What They Mean to Me
I wrote the following article in the early fall of 2003. My neighbor kid had to put together a "magazine" as an assignment for his technology class. He chose the military as his main topic, and I wrote this article to give him some content. It may seem a bit corny, but as I searched my heart for what to say, the thoughts in the article are what came to mind. We really are lucky in this country when it comes to many simple things such as taking a walk in the woods. In some parts of the world, venturing off-trail means "land-mine". In Iraq, seeing a plane fly over means you might get blown up. The "lost kid on Lake Superior" reference is true. Only a few weeks before I wrote the article a teenager spent the night in a rowboat out on the big lake until the Coast Guard finally found him the next morning.
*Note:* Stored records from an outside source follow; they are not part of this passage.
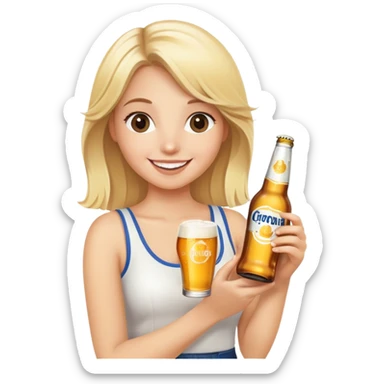 happy blonde girl with corona beer sticker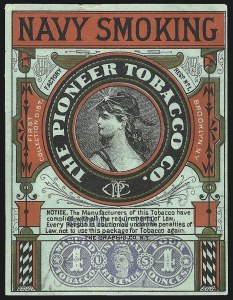 Sale 1067, Lot 500, Revenues: Tax-Paid Tobacco Issues on Paper
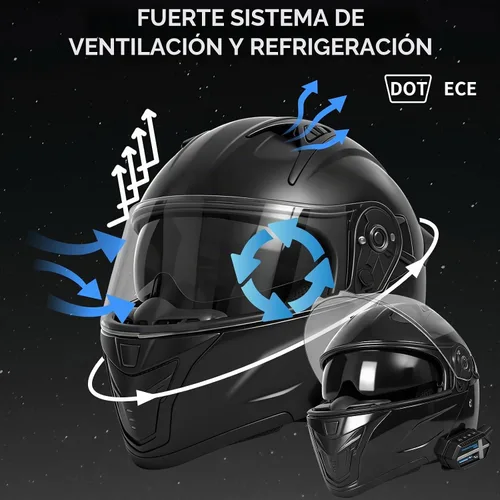 Vista 2 de Cascos modulares Bluetooth para motocicleta con luces traseras, aprobado por DOT, casco de motocicleta de doble visera, con altavoces duales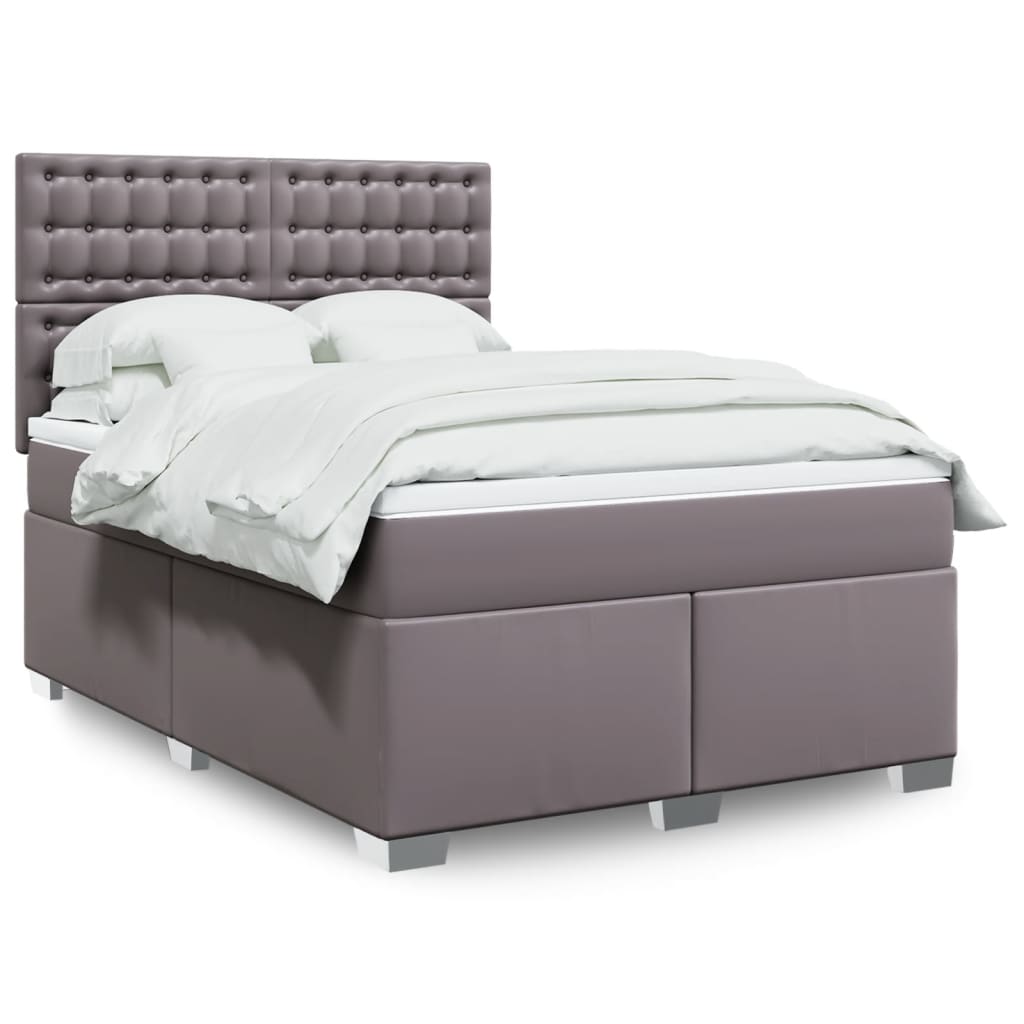 Boxspring met matras kunstleer grijs 140x190 cm – afbeelding 1
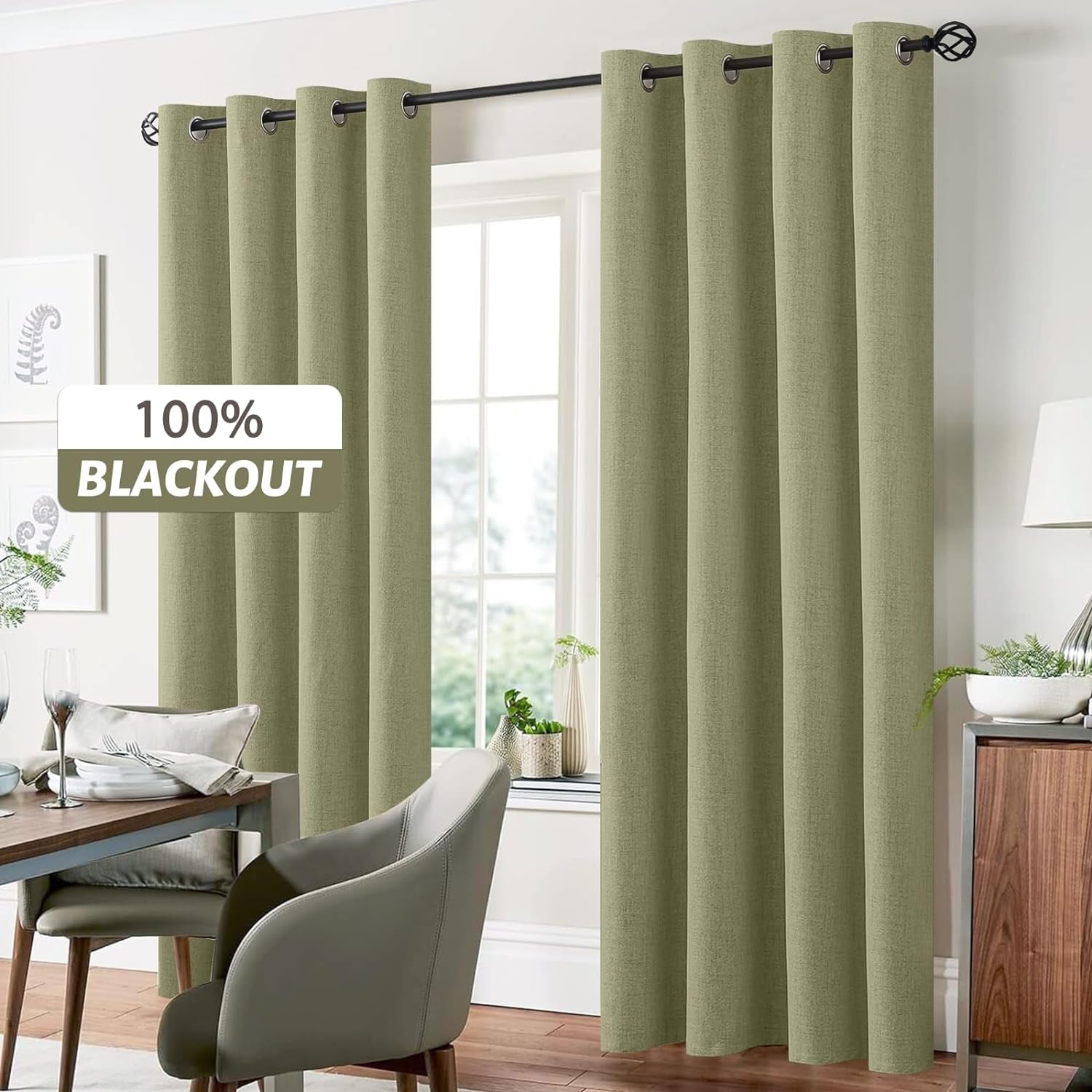 Yakamok Sage Green Linen Curtains 100% Blackout 84 Inches Long,Room Darkening Textured Curtains for Living Room Thermal Grommet Bedroom Curtains 2 Panels with Greyish White Liner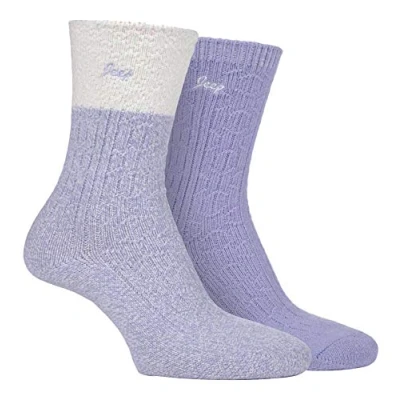 Image of Jeep 2 Pairs Ladies Supersoft Cute Warm Ribbed Thick Hiking Boot Socks (4 8, Cream/Lilac)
Army. Navy. Marine Corps. Air Force. Coast Guard. What do you think of? What do they mean,? Big guns, tanks, fast planes, ships and submarines? Fighting, wining, the glory of war? What do the armed services mean, to you? What do they mean to me?
Our armed forces mean peace and security, a shield thrown up about our wonderful country. I lay my head down at night in the reasonable expectation that I'll wake up the next day. I walk with my son in the woods, never fearing a land-mine. When I see a plane, I think not of sudden death from the sky, but rather dream of trips to faraway places.
Our armed forces mean service and dedication. When fire strikes, when floods threaten neighborhoods, I see the National Guard springing into action, fighting fires, sandbagging swollen rivers, serving their fellow-man, my neighbors, me. When a child is lost on a rowboat far out on Lake Superior, I see the Coast Guard searching all night long, never slacking, dedicating their efforts to find and save the lost.
Our armed forces mean sacrifice, love of country, love of their fellow-man. My heart cries in sorrow when I hear of more deaths in Iraq. More willing-servants who have given their all for us. When I eat dinner in my will-lit, warm house, I think of the soldiers who stand guard in the desert, who might not even have hot food. I think of their families. I think of the empty chairs at their dinner tables. And I remember, and I am grateful.
Our armed forces mean duty and honor and loyalty. We civilians had the luxury of debating whether to go to war; they had no such luxury. They had to go, or not go, as their Commander-in-Chief ordered. He ordered, and they went. And they serve honorably in the face of mortal danger and constant fear.
When you lay down to sleep at night, take time to remember these men and women who aren't sleeping in their homes, who are separated from their families for your sake. When you go out with your friends, remember those fighting so that you can go about safely. When you make plans for the future, remember those who are fighting to make that future possible. Thank God for these men and women. Thank God for our armed forces.